Note: Keep in mind that although a complex analysis may help you feel more confident about system requirements estimates, there may be a number of unpredictable elements on your network that interfere with the accuracy of your estimates. As a result, using the simpler guidelines and recommendations in this chapter may, in fact, be the most efficient method for estimating peak usage. |
A standard Oracle Access Manager deployment consists of several instances of various components installed for different purposes:
Development and Test
This is an area where you configure and test a fully deployable system. On a development or test server, a smaller amount of RAM may be required. For development and test systems, you can run the Web server on the same system as the Identity Server, assuming that only a small development team is using the machines rather than the whole user population.
Staging
This is an area where new application rollouts, software upgrades, and performance benchmarking can be performed without affecting your production and development environments. This environment can closely resemble the production environment, though it may be a scaled down image of it. For instance, a smaller amount of RAM may be used.
Production
This is an area where your end users can access the deployed system. Oracle recommends you use a replicated directory and Oracle Access Manager's native load-balancing features. You may also want to configure the Oracle Access Manager Servers for failover and load balancing and have separate machines for your Web servers. As an alternative, you can install multiple Web server instances on a single machine.

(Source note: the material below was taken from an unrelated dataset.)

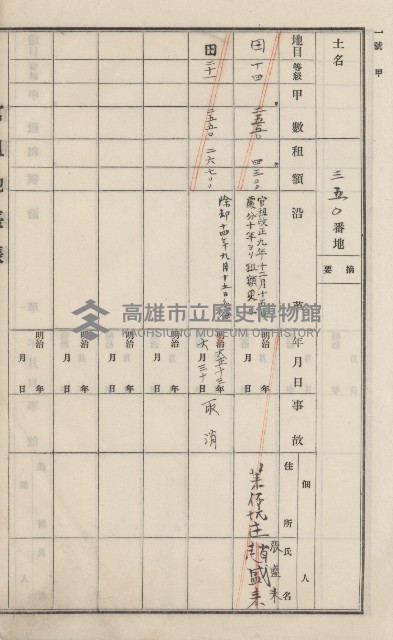 旗山街官租地臺帳（二冊之內第一號）藏品圖，第203張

The following diagram Figure 1-1 illustrates hardware and software choices in an actual mid-sized (10,000-20,000 user) deployment. Using a poisson distribution, the estimated concurrency was predicted to be 74 users, with a 0.01% probability of having 100 or more users.:
For the production environment:
The servers are running Windows and Active Directory, IIS, and Oracle Access Manager.

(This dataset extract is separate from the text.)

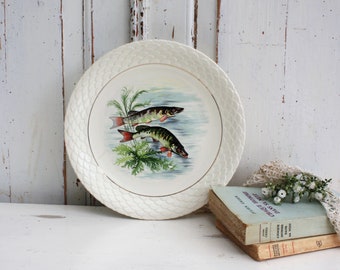 French vintage fish plate by Gien, decorative plate wall hung seaside plate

Each server has two CPUs and 2 GB of RAM, and about 10 GB of disk space.
There are two Identity Servers running on different machines.
Multiple WebPass instances are installed in several intranet IIS servers, with at least one server acting as the administration console for the Identity System.
There are two Access Servers running on different machines.
There is one WebGate installed on each IIS intranet server.
The administrative console for the Access System is installed on an IIS server on one of the two Access and Identity Server boxes.
This environment could be scaled as follows:
The number of Oracle Access Manager Servers can be increased to spread the load and offer higher redundancy.
The number of CPUs, memory, and disk space can be increased to improve server performance.
The Active Directory environment supports the addition of new servers for cases where this is desired to improve performance and reliability.